紙馬-2

更新日:2023年07月15日
左上から雲南紙馬「水府龍王之神 水府娘娘之神」「火神之位」「白虎之神」「天喜之神」「甲馬請神」「聖母娘娘」「九霊竈君」「右門将軍 左門将軍「祖先之神」
 明代初期、雲南漢族は大量移住の最盛期を迎え、白族、彝(い)族は漢族文化の影響を受けながらも、民族独自の宗教観念と伝統的信条をそのままを継承し、白族の「本主」「大黒天神」「小黄龍」、彝族の「土主」などの民族神、地方鬼神を形成し、特色ある紙馬を生み出しました。
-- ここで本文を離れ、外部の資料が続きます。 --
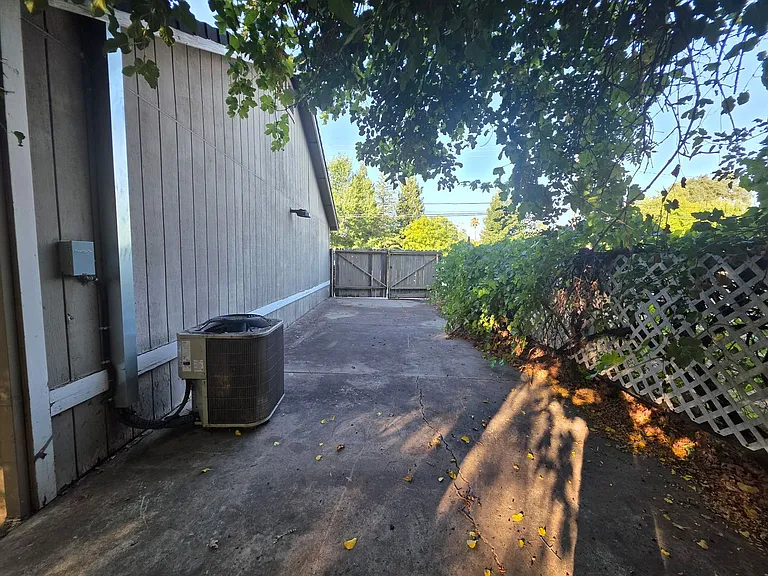 1880 Hayes St — Photo 19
民間伝承であるが故に、地方ごとに民族神・地方鬼神を形成し、特色ある紙馬が生み出されたのです。
 さて紙馬の役割ですが、願い事の対象である神に祈りを捧げるためのツールであるということです。使い方としては、紙で作った模造銭「紙銭」とともに火をつけて燃やします。それは煙とともに神々の世界や死者の世界に願いを伝えることが目的です。
 つまり紙馬は神々や死者との交流するための通信手段であり、中国の人々の信仰を支える大切な通信メディアとしての呪符だったのです。1960年代後半から1970年代前半まで続いた文化大革命の間、雲南の人々は版木を土中に埋めたり屋根裏に隠したり、あるいは近年になり記憶を元に新たに版木を作り、神像版画に刻した神々の世界を守り続け、今でも新しい紙馬版画を作っているそうです。
 1950年代初めの調査によると、江蘇省無錫には1,000種類近くの紙馬がありますが、最も盛んな雲南紙馬になると、有名な神像呪符「甲馬子」など3,600種類にも及びます。仏経、道経などの版画と区別するため「民間版画」とも呼ばれますが、「紙馬」とは別に「神馬」「甲馬」などとも呼ばれています。
 雲南紙馬は紙色に対するこだわりもあり、雲南紙馬はほとんど中国伝統的木版画印刷である水印木刻で、顔料を水で溶く技法を使っています。墨汁、青藍色染料「インジゴ」など染色剤、万年筆用の赤や青や黒インクを印刷材料としています。朴訥で何とも言えない優しいデザインの紙馬には人を引き付ける魅力があります。